Abigail Adams to John Adams
Quincy Febry 16 1793
my Dearest Friend
I received your kind Letters of Janry 28 & 30th 1 I well recollect receiving a Letter from mr Gerry soon after you went first to France informing me of your being Elected a member of the Phylisophic society in Philadelphia and when you received the volm in England of their transactions, I never could account for not finding your Name with the Members.2 the loss of the Records at that time accounts for it. you will hear before this reaches you of the Transactions in England which I consider the begining [of] Trouble. God only know where it will end, and whether we in this Country shall not be involved in the same whirlpool
Thus far I wrote and was prevented from proceeding last night our son came up from Town with the joyfull tyding of the arrival of the col mrs smith & Family. I received a Letter from her at the same time dated Nyork the col you will have seen before this reaches you, and from him you will learn more particulars Relative to the threadned overturn of England, but I will say no more upon politicks at this Time, as I am not able to write much, and a few domestick concerns occur that I wish to mention. dr Tufts desires me to mention to you Clover seed. he wishes Brisler to inquire the price & if it can be purchased as low as 10 pence or a shilling pr pound to procure a Barrel of it & ship it round tis 18 pence here and he says we shall want some & he will take the rest. an other article I would mention is some Porter & some segars for your comfort and the last is whether it would not be adviseable to purchase a strong Farm Horse in conneticut & let Brisler take home the chaise. our great oxen have performd pretty well while they could be used in the Cart, but in the snow without any leader before them they cured & Hawl, is the carters term in such a manner that they cork themselves and have been useless unless when I could prevail with Faxon to let me have a yoke from the Farm to go with th[em] which he has done when we have sent to the Ceadar swamp [. . .] that broke his two Teams which he keeps constantly employd. Shaw was much mortified & begd me to buy him a yoke as he had Hay enough to keep them & could not possibly accomplish the work unless I did. I sent him out to see several yoke, but they were too low in flesh & 55 dollors a pr. he solisited me to let him go to Abington & try I consented and he last night brought home a yoke comeing seven years for which he gave 58 dollors— he says they are right Handsome cattle used to make stone wall kind & smart in very good flesh &c. I hope what I have done will meet your approbation—which will always recompence me for what ever exertions I may make.
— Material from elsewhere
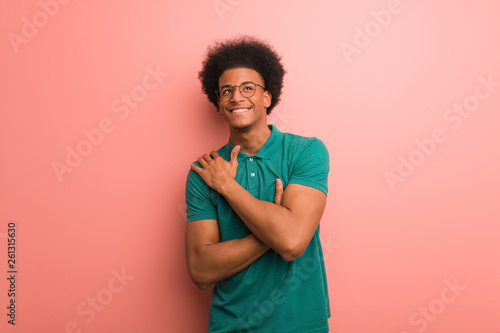 Valokuva Young african american man over a pink wall giving a hug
I was taken sick on that day twelve month that I was the last year. I have been confined to my Chamber for a week, but have not the Rhumatick complaints which I had last year. the fever rather tends to an intermitting I have been Bled which has lessned the inflamitory symtoms and I hope it will terminate without any long confinement. I have very good Nursing, and tho a deaf I believe a safe Physician3
Mrs smith is desirious of comeing on to pass a Month with me before she goes to Housekeeping perhaps she may so contrive it as to come with you. you will see her soon and settle the accommodation. mr Cranch is well again as usual & sends his Love with many thanks for your kind expressions towards him. I caught the opportunity of writi[ng] whilst sister was gone down to dinner but she schools me for it.
adieu in hopes to see you soon / most affectionatly yours
Love to Thomas I hope he does not feel any Ague complaints
RC (Adams Papers); addressed by JQA: “The Vice-President of the United States / Philadelphia.”; endorsed: “Portia / 1793.” Some loss of text where the seal was removed.
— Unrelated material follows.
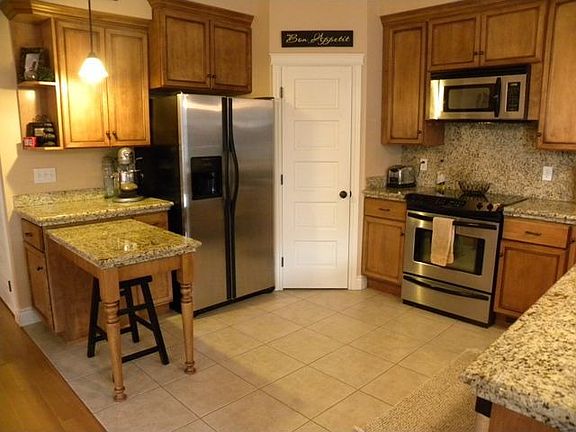 Kitchen w/ Granite Counters, Ceramic Tile Floor, Stainless Appliances & Pantry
2. AA received two letters from Elbridge Gerry on the subject of JA’s election to the American Philosophical Society, one of 17 April 1780 and the other of 16 May, both in response to her letter of 13 March (vol. 3:297–299, 323–325, 350). On 26 June 1786, David Rittenhouse sent to JA two copies of the second volume of the transactions of the Society, one for JA and one to be forwarded to Thomas Jefferson (Adams Papers).